◆ **Exercise description**
Set down the final stretch of the data, from the line that holds "Зима показывает свой нрав: Местами -50°" through the last line, both included, with pictures left out.

◆ **Information shown**
———

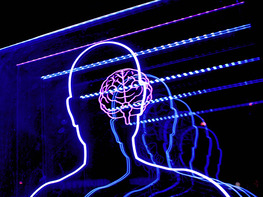 The Ultimate Memory Mastery Bundle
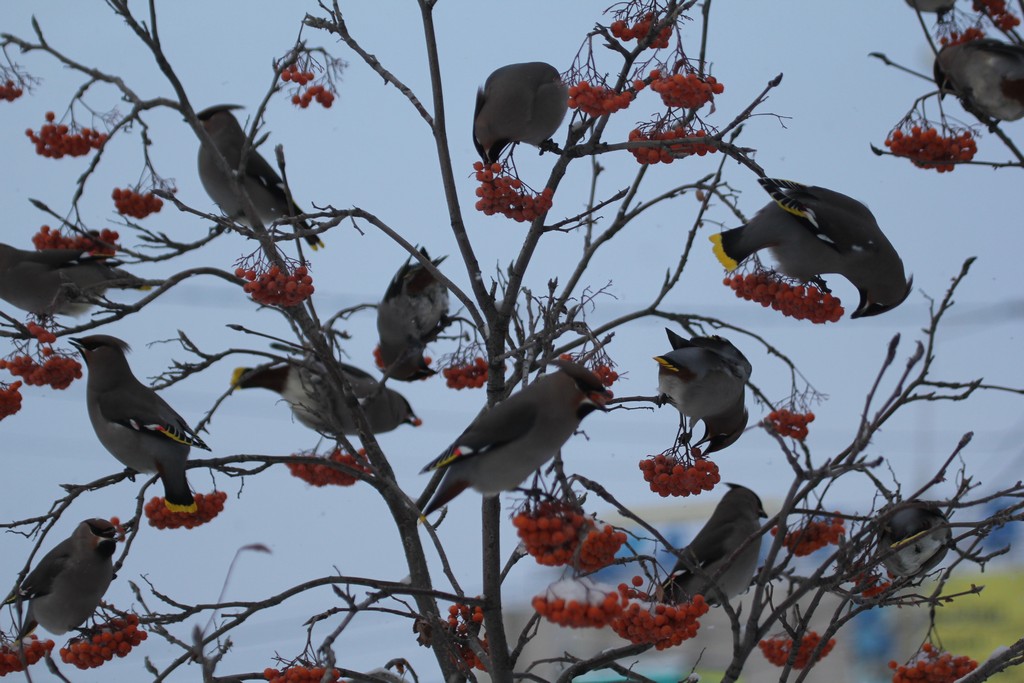 Зима показывает свой нрав: Местами -50°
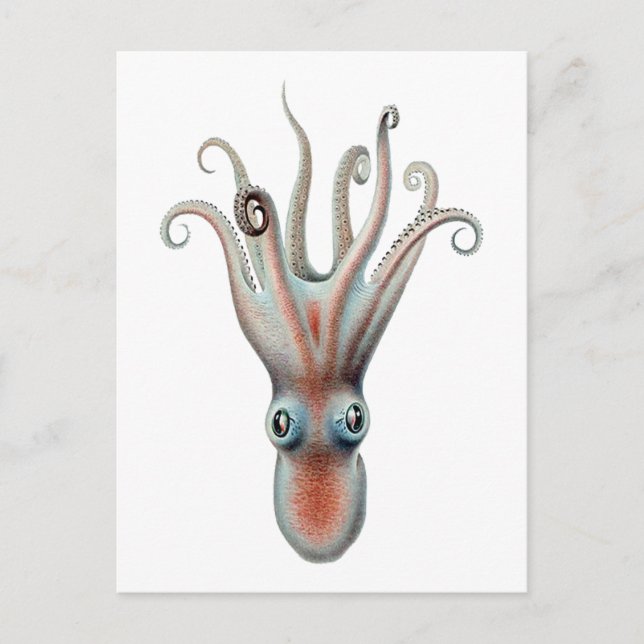 Postal Ilustracion Octopus Vintage (Anverso)
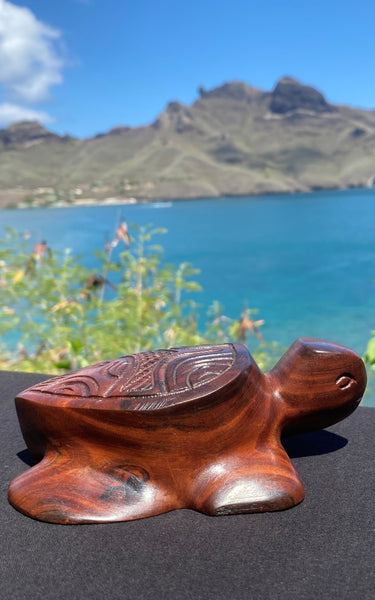 Marquesan baby turtle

———

◆ **Answer for the task**
 Зима показывает свой нрав: Местами -50°
 Postal Ilustracion Octopus Vintage (Anverso)
 Marquesan baby turtle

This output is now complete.